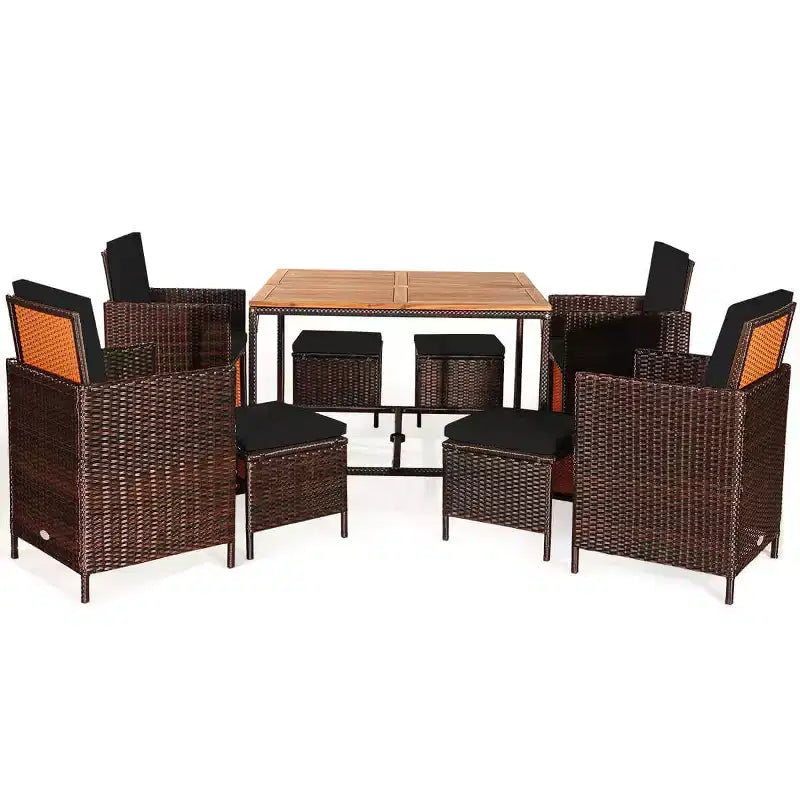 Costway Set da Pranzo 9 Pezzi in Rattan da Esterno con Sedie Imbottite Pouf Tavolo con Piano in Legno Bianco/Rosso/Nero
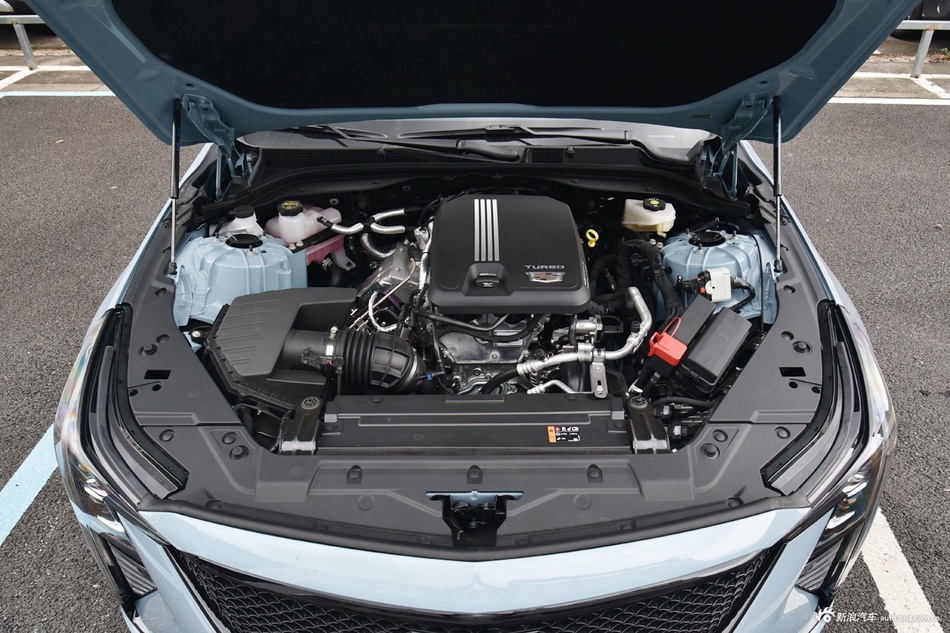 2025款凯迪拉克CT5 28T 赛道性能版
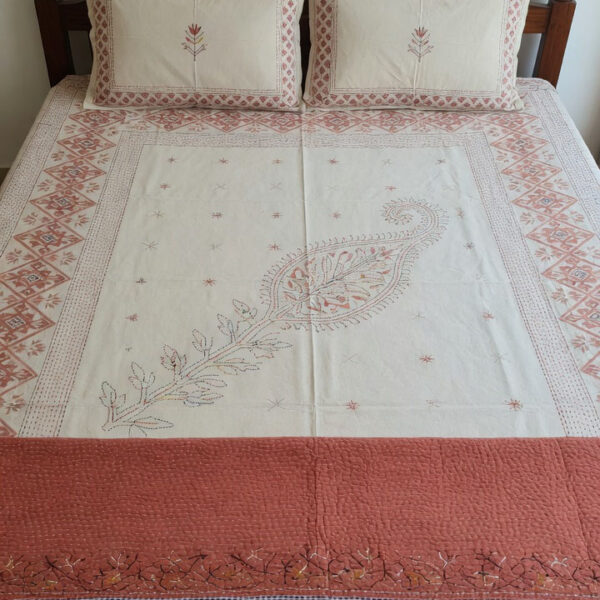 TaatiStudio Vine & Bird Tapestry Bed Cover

- [Task to complete] Your copy of the listing should match it exactly, apart from the pictures, which are left out.

- [Task result]
 Costway Set da Pranzo 9 Pezzi in Rattan da Esterno con Sedie Imbottite Pouf Tavolo con Piano in Legno Bianco/Rosso/Nero
 2025款凯迪拉克CT5 28T 赛道性能版
 TaatiStudio Vine & Bird Tapestry Bed Cover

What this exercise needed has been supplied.